⟨
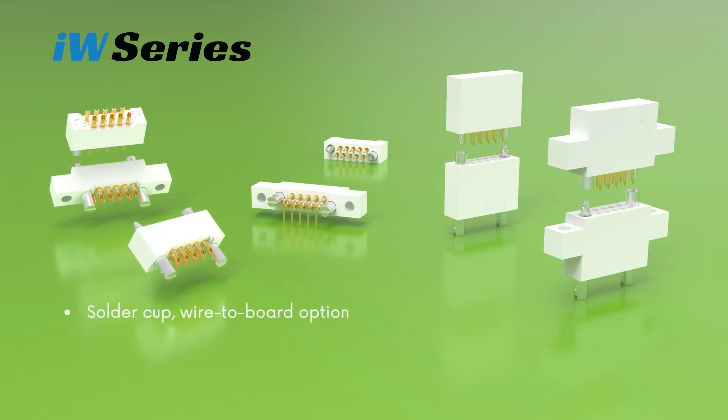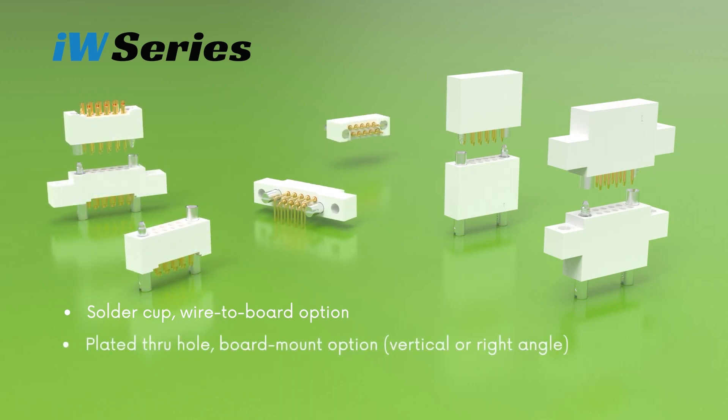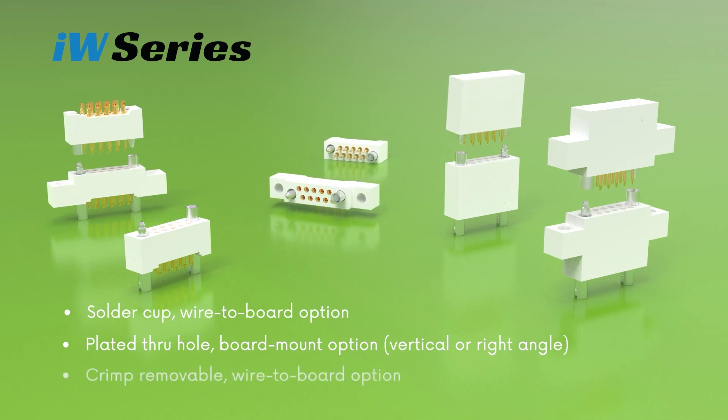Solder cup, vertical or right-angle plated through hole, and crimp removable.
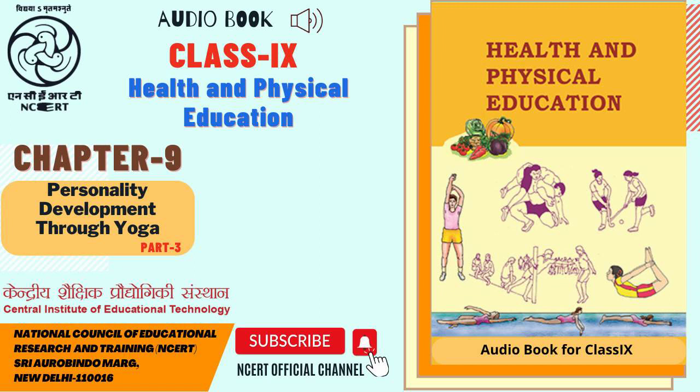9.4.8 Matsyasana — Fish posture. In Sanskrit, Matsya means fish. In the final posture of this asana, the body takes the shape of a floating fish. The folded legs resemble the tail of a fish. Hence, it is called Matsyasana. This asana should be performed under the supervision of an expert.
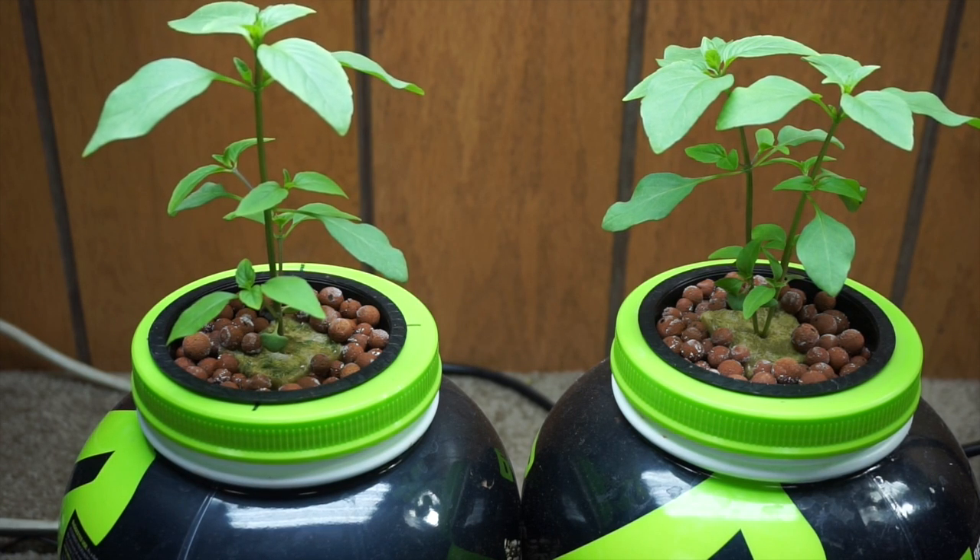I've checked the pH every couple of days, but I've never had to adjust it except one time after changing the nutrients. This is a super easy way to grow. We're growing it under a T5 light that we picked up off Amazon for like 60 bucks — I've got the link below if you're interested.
⟩
⟨
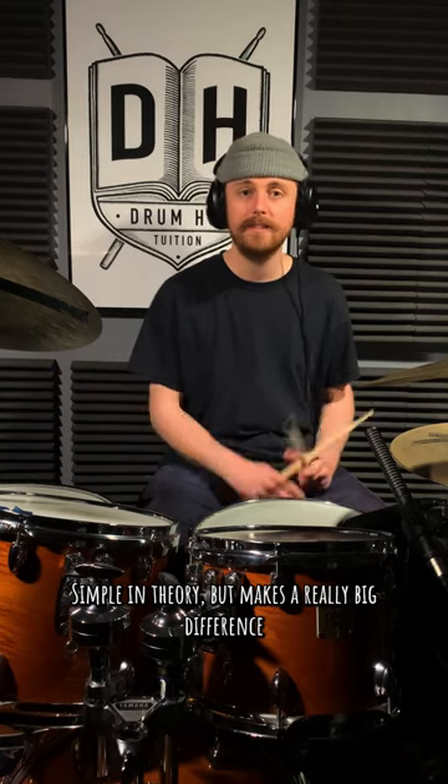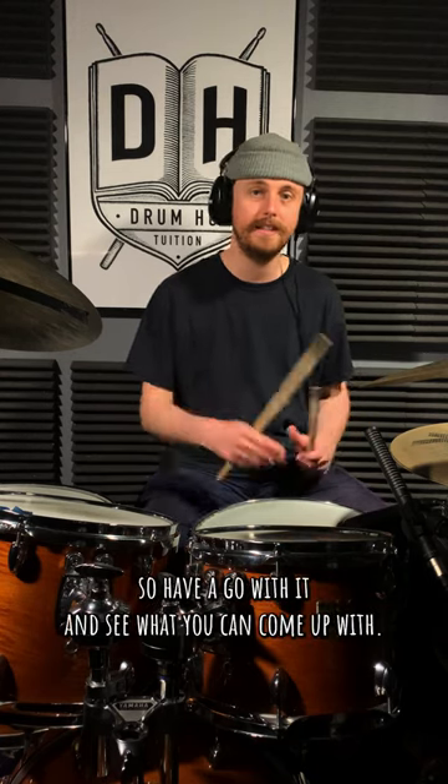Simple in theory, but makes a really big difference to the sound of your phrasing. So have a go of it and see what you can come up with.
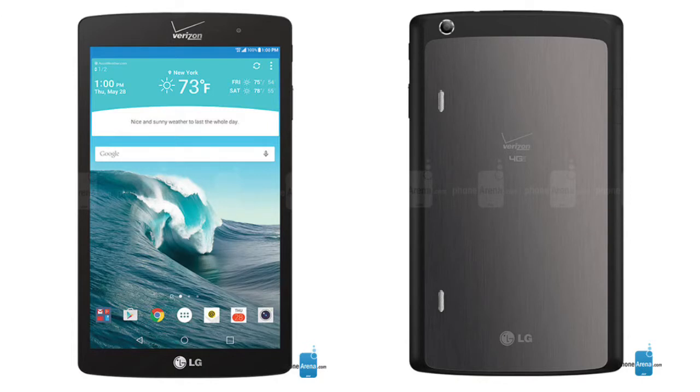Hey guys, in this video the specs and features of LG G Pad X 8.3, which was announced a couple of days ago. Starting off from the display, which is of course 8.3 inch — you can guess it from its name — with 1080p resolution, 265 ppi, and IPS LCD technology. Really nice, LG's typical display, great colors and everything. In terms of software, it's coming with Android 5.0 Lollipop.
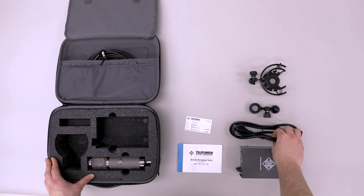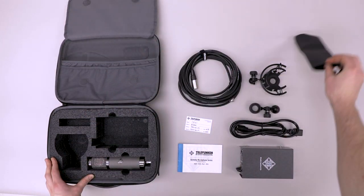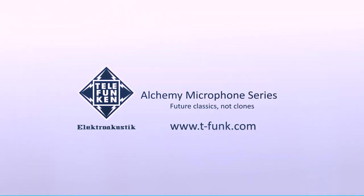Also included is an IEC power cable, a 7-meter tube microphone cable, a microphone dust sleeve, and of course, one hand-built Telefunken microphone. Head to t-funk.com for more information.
⟩
⟨
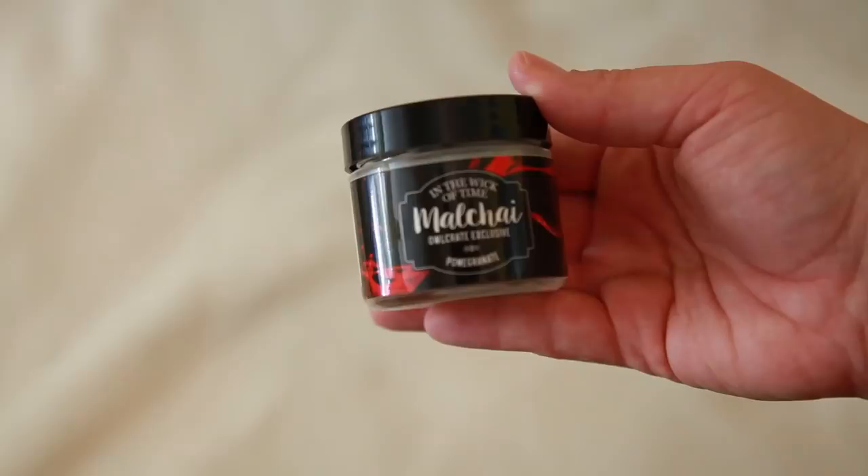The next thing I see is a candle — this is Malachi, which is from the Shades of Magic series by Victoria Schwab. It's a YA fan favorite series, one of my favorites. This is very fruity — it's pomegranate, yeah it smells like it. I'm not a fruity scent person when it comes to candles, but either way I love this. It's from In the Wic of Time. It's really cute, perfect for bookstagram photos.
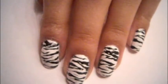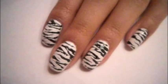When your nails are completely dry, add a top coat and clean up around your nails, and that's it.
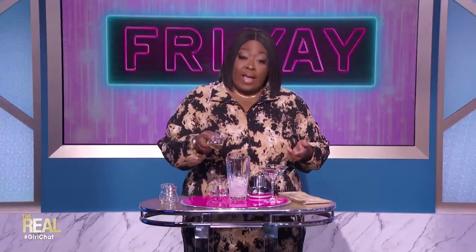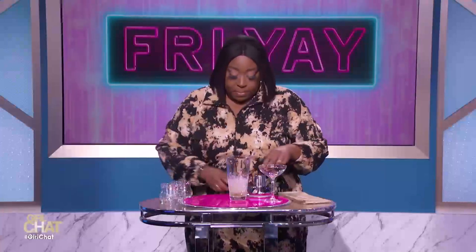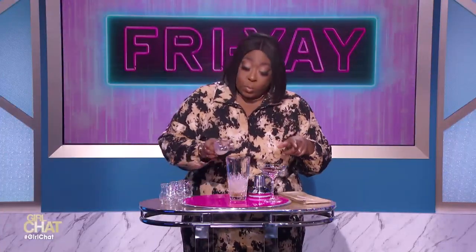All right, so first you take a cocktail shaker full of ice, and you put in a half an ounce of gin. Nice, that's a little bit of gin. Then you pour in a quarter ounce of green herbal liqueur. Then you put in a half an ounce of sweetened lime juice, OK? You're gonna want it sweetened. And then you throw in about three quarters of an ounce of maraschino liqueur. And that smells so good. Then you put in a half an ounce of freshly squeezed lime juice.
⟩
Look through the listing above for the line with "Solder cup, vertical" and the line with "9.4.8 Matsyasana —". Write out exactly those lines and everything between, leaving out pictures.

> **ANSWER FOR THE TASK**:
Solder cup, vertical or right-angle plated through hole, and crimp removable.
9.4.8 Matsyasana — Fish posture. In Sanskrit, Matsya means fish. In the final posture of this asana, the body takes the shape of a floating fish. The folded legs resemble the tail of a fish. Hence, it is called Matsyasana. This asana should be performed under the supervision of an expert.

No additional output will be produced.